Paris a choisi de «jeter un voile pudique sur les vrais sujets des droits de l'homme dans l'Égypte de Sissi. C'est un choix politique assumé», résume Camille Grand, directeur de la Fondation pour la Recherche stratégique (FRS).

Pour la France, cette vente est une aubaine, car elle permet de résoudre en partie l'équation de la Loi de programmation militaire (LPM) 2014-2019, qui stipule que des «livraisons à l'exportation (du Rafale sont) également prévues permettant d'atteindre une cadence de production satisfaisante».

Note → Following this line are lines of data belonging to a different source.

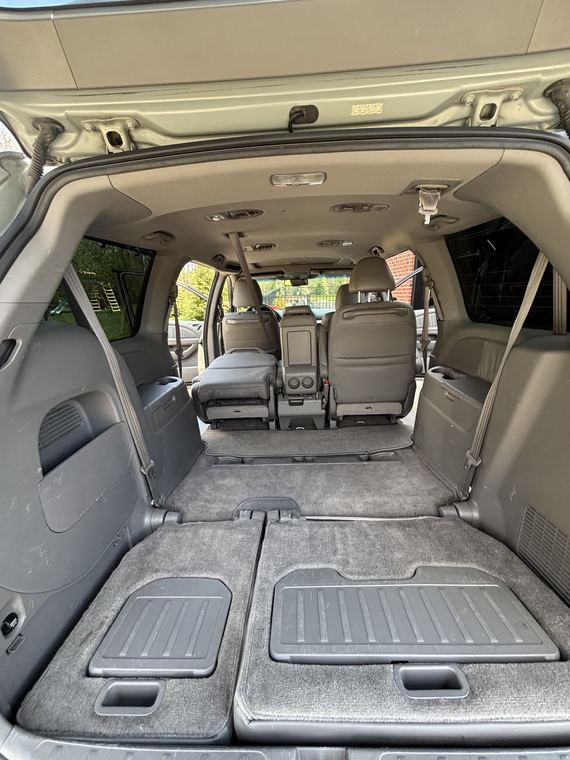 Honda Odyssey, seats folded flat after detailing by Aero Detailing, South Lyon MI
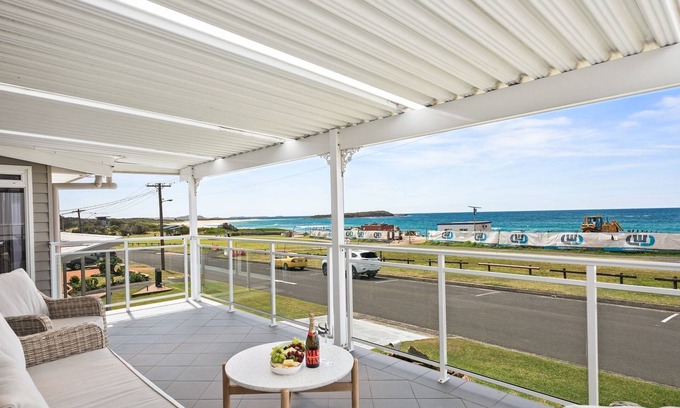Warilla Casa | Surfside Solace - 5 bedroom family home with stunning views of Ocean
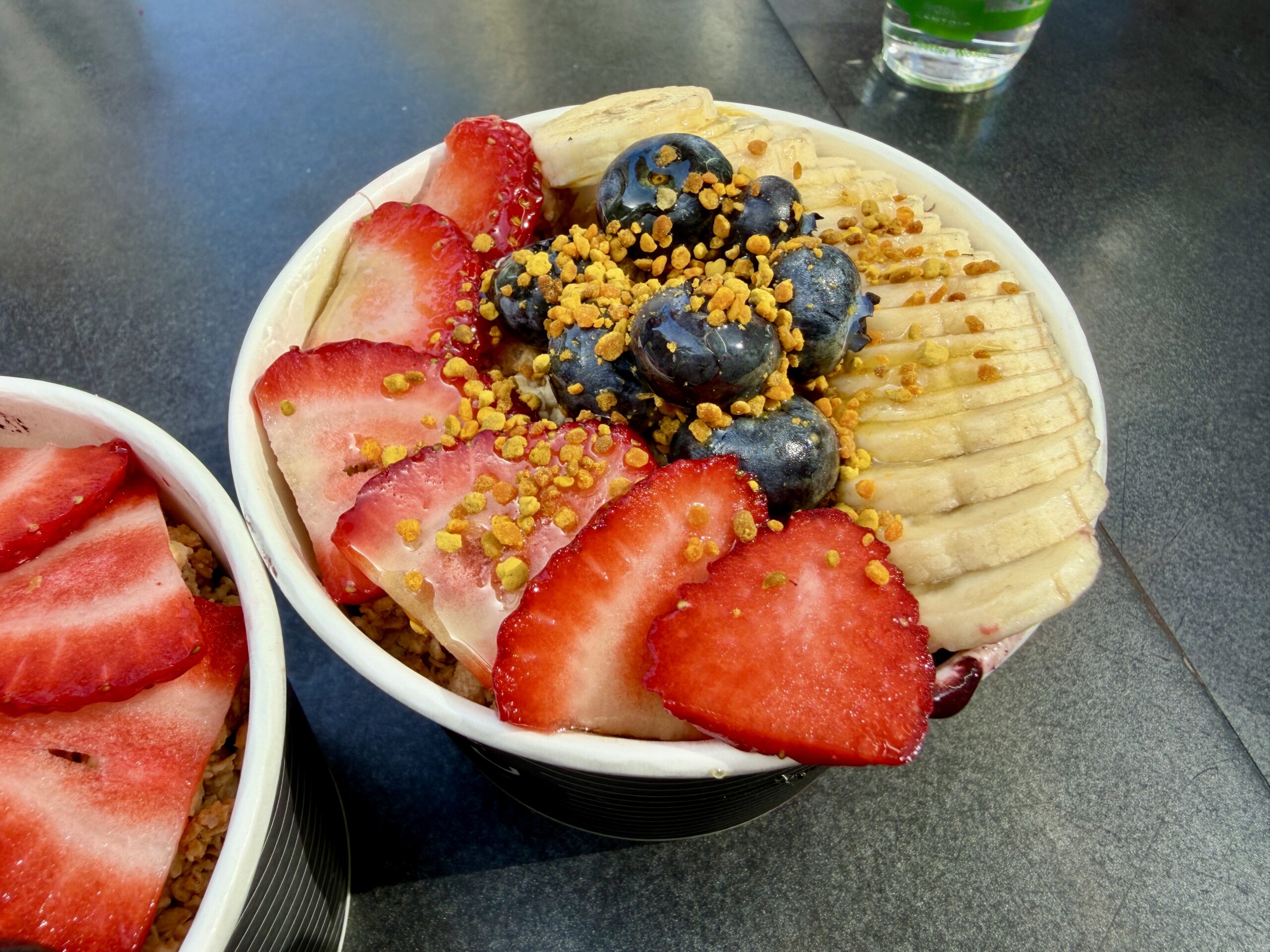 【2026年最新版】ハワイのアサイーボウル人気店6選｜ワイキキで朝ごはんにおすすめ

Paris doit réceptionner 26 avions Rafale d'ici à 2019, mais avec une production minimale de l'appareil fixée à 11 exemplaires par an, elle devra accélérer ses achats pour maintenir cette cadence.

Enfin, cette vente d'un appareil mobilisé sur plusieurs théâtres d'opérations (en Libye en 2011, au Mali en 2013 et actuellement pour les frappes de la coalition internationale antidjihadistes en Irak) permet aussi d'en espérer d'autres.

«Il y a d'autres «prospects» qui existent depuis un certain temps, qui peut-être du même coup vont se débloquer», a poursuivi M. Le Drian.

La France mise en particulier sur l'Inde, avec laquelle Dassault est en négociations exclusives depuis janvier 2012 pour 126 avions Rafale, et sur le Qatar (36 appareils).